Court records say Costa told police he was speeding at the time of the crash and sped away from the accident because he was scared.
Costa jumped out of his car and witnesses, who followed him, caught him at Ferguson Avenue and held him there for police.
Costa's Ohio driving record shows six prior convictions, half of them for speeding, between October 2002 and December 2003. The record did not indicate when he got his license, but he turned 16 in February 2002. The other convictions were for failing to wear his seat belt, disregarding a traffic control device and driving without due regard on private property.

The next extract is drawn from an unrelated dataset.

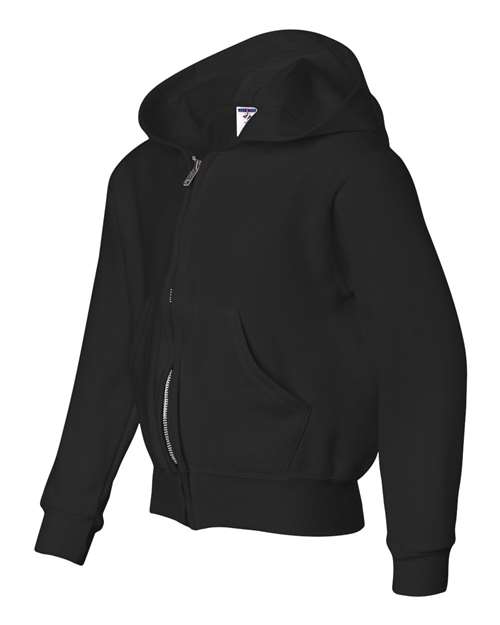 JERZEES NuBlend® Youth Full-Zip Hooded Sweatshirt 993BR Custom Embroidered Business Logo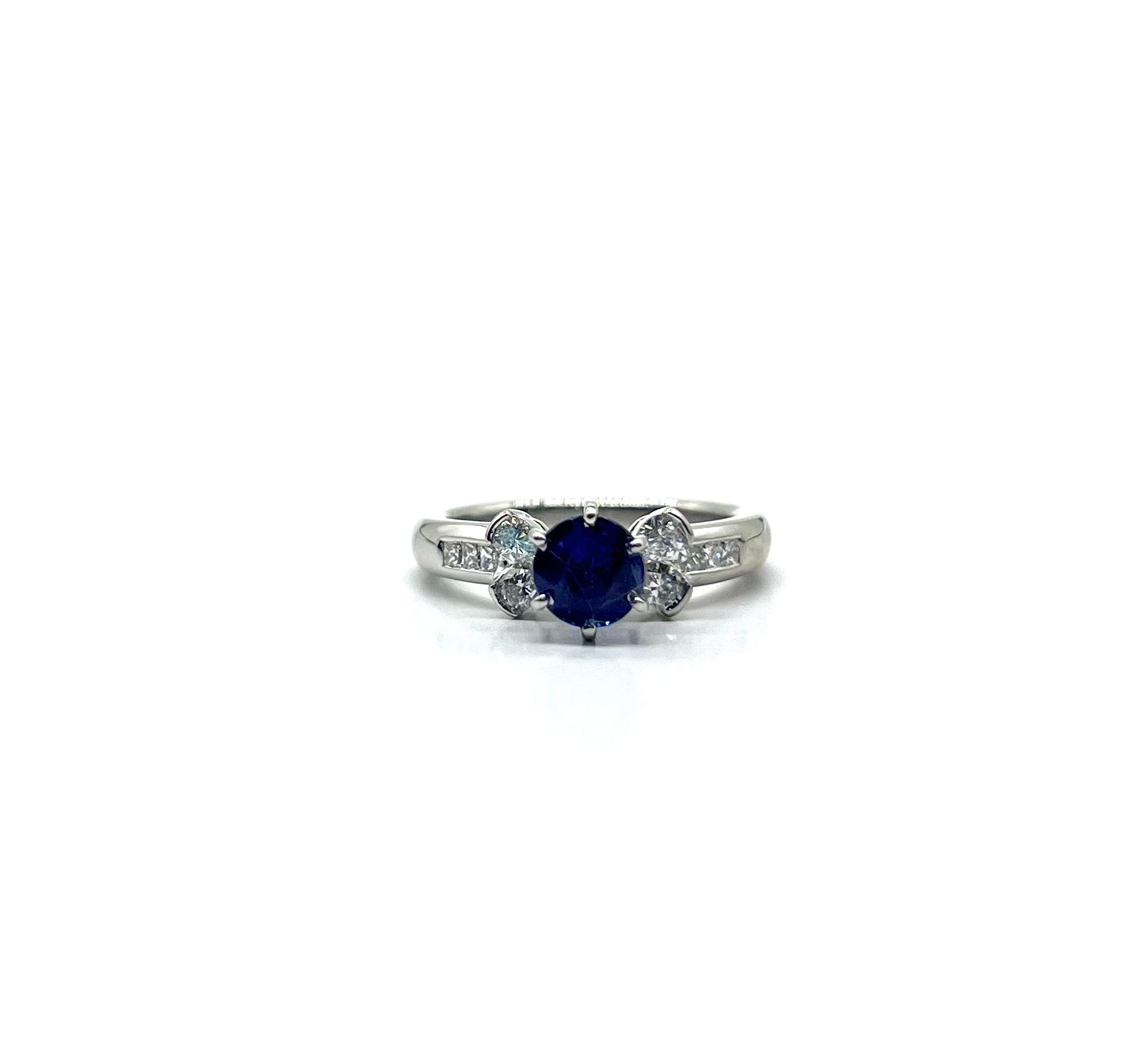 Exquisite Platinum Sapphire and Diamond Ring for Women - Elegant Engagement, Wedding, or Anniversary Jewelry Gift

Records also show Costa has lost his driver's license three times in 14 months. His license was most recently suspended by Butler County Juvenile Courton Dec. 2 for one year.
Costa remained jailed Tuesday in lieu of $150,000 bond. He told police he was driving 50 mph - 15 mph over the posted speed limit.
Crime scene tape remained tied on the utility pole where Valles waited for the light to change shortly after 5 p.m. She'd made it about halfway across the four-lane street when the Honda hit her, throwing her into the air, then down onto the street an estimated 50 yards away.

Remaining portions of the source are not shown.